Quick and Affordable Fast Food Favorites at Home!

I love making homemade equivalent of restaurant dishes. Here's some recipes that fall into that category, sent to me by a reader. Hopefully you'll like them too!

We’re going to keep this short and sweet – here's a curated list of easy at-home family meals that will please everyone!

While bringing these recipes together we’ve taken quite a few things into consideration, including: cost, quantity, kid favorites, and accessibility. Each recipe is relatively easy to put together, geared toward the use of leftovers, and can be tailored to fit your personal preferences!
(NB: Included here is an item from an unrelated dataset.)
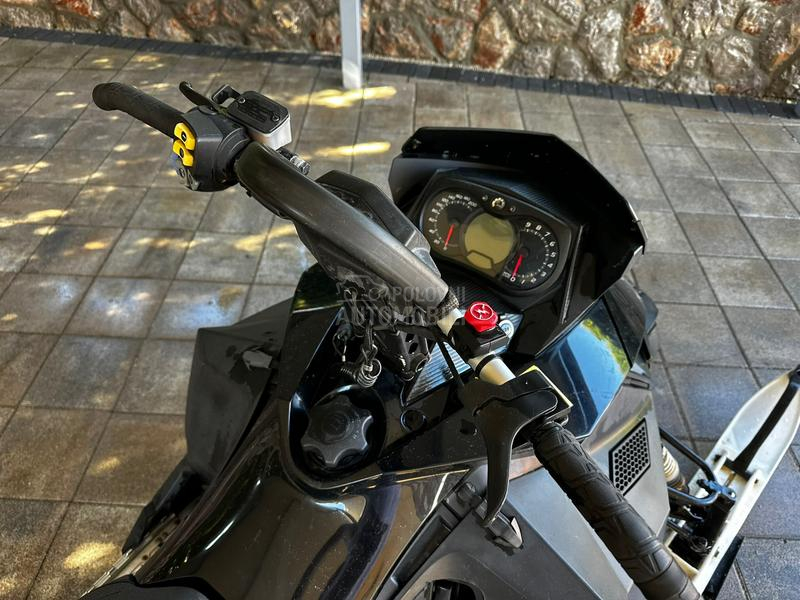 Bombardier Summit 800R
Our comparison: the new Loaded Nacho Taco Box at Taco Bell for $5

Tips and tricks: Use this recipe to sneak some veggies into your kid’s diet!

• Olive oil
• Onion
• 2 lbs ground beef
• Taco seasoning (or cumin, chili powder, paprika, salt, and pepper)
• Tortilla chips
• 1 cup grated cheese
• Diced tomatoes
• Jalapeno, if you like it spicy!
• Sour cream
Additional options: cilantro and avocado


In a skillet, heat the olive oil and add the onion. Cook until soft and add ground beef. When the meat is browned, drain the excess liquid and add taco seasoning or spice mixture.

Layer tacos, meat, tomatoes, cheese, jalapenos, and sour cream as desired. If you want to, sprinkle extra cheese on top and broil the nachos in the oven for a melted mess.

Rice bowls
Our comparison: Ramen restaurants
Tips and tricks: For healthier options, switch up the type of rice you use and pile on the veggies.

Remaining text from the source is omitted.